Studi-studi berkenaan dengan regulasi kekerasan seksual terhadap  perempuan di metaverse memang baru muncul belakangan ini. Sebuah studi yang membahas relevansi hukum pidana tradisional terhadap fenomena kekerasan seksual di dunia virtual, seperti perkosaan virtual dan pedofilia virtual, mengangkat keterkaitan antara dampak kerugian aktual yang ditimbulkan dari perilaku kekerasan yang terjadi secara virtual (Brenner, 2008). Studi lain mengusulkan agar aturan hukum pidana bukan menjadi satu-satunya cara dalam mengatur perbuatan tidak menyenangkan di dunia virtual, di mana tata kelola arsitektur desain teknologi metaverse dapat menjadi cara lain dalam mencegah interaksi yang mengarah kepada disrupsi terhadap privasi dan otonomi tubuh virtual pengguna metaverse (Zytko dan Chan, 2023).

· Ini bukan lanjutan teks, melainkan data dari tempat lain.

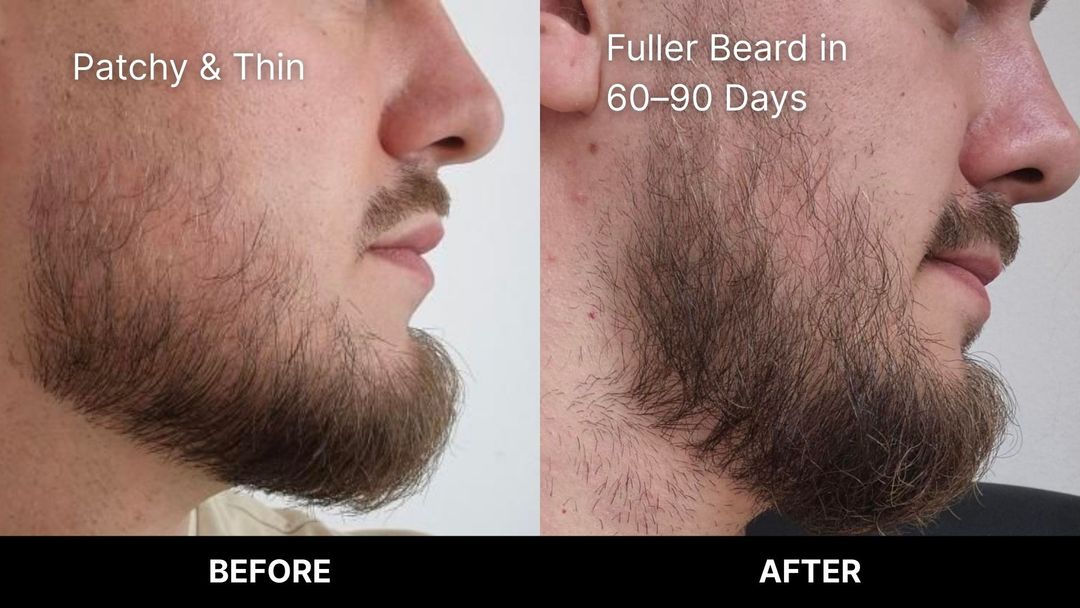 Before and after beard roller beard growth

Melihat perkembangan tersebut, Institute of Public Policy Atma Jaya melakukan studi mengenai kemungkinan memperluas jangkauan regulasi kekerasan seksual untuk mencakup perbuatan-perbuatan yang dilakukan secara virtual, seperti melalui perangkat haptic technology dalam teknologi-teknologi berbasis virtual reality. Pertanyaan mendasar dari studi ini melihat sejauh mana format regulasi yang ada dapat menjadi justifikasi untuk melakukan penghukuman terhadap kekerasan seksual virtual. Selain itu, studi ini juga hendak menjelajahi kemungkinan format regulasi baru yang secara efektif dapat mengontrol perilaku kekerasan virtual terhadap perempuan di metaverse, seperti desain teknologi, pengendalian pasar, hingga reformasi budaya hukum. 

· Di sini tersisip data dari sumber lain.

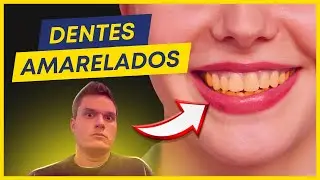 A VERDADE SOBRE DENTES AMARELADOS | CAUSAS E TRATAMENTO.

Studi kekerasan seksual di metaverse ini juga mendalami kasus-kasus kekerasan berbasis gender online (KBGO) yang pernah diputus di pengadilan. Berbekal pada wawancara dan analisis putusan terhadap kurang lebih 100 putusan KBGO, studi ini ingin melihat bagaimana lanskap hukum pidana melihat kekerasan seksual memaknai teknologi dan kekerasan seksual: apakah KBGO dilihat semata-mata sebagai kekerasan yang difasilitasi teknologi (technology-facilitated crimes) atau telah mempertimbangkan KBGO sebagai ‘realitas baru’ yang muncul sebagai konsekuensi penciptaan teknologi-teknologi baru? Jawaban atas pertanyaan ini penting ditelusuri untuk mengembangkan sejumlah rekomendasi pengaturan terhadap teknologi dan kemungkinan melakukan reformulasi kebijakan eksisting, sehingga hukum dapat merespon perkembangan teknologi yang cepat.